British High Commissioner Holly Tett has bemoaned the loss of public trust in the Malawi Police Service (MPS), saying it affects service delivery.
Speaking in Blantyre yesterday after opening a three-day training on investigations of trafficking in persons for 32 police and immigration officers, Tett urged the police to work on restoring the lost public trust if it is to perform its duties effectively.
She said allegations of police brutality and clashes between the public and the police such as the ones at Msundwe Township in Lilongwe make it difficult for police to combat crime including trafficking in persons.
There have been allegations ranging from defilement, rape, torture and theft against police officers in and around Msundwe, M’bwatalika and Mpingu trading centres in Lilongwe on October 9 2019.
Said Tett: “As the UK, we are concerned with these allegations, not only because of the crimes themselves but the impact that such allegations may have in the long run in as far trust and credibility of the police is concerned.

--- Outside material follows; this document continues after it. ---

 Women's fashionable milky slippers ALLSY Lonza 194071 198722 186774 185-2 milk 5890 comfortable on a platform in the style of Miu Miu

“What is important in these situations is that there is proper, thorough and independent investigation.”
The envoy said police have a vital role to play in tackling trafficking in persons.
“[They do this] not only through investigations and prosecutions but through engaging the public, building relationships with communities, and helping in prevention of crime,” she said.
In his remarks, Southern Region Commissioner of Police Sladge Yoosuf said MPS is working with stakeholders to build a good relationship with the public.
He said: “However, we are having challenges prosecuting these cases because sometimes people do not come to report while some are reluctant to testify in court.”
United Nations Office on Drugs and Crime officer on trafficking in persons said last year alone, 162 trafficking victims were rescued.
The UK Government is funding a £200 million two-year project aimed at fighting trafficking in persons through the UN agency.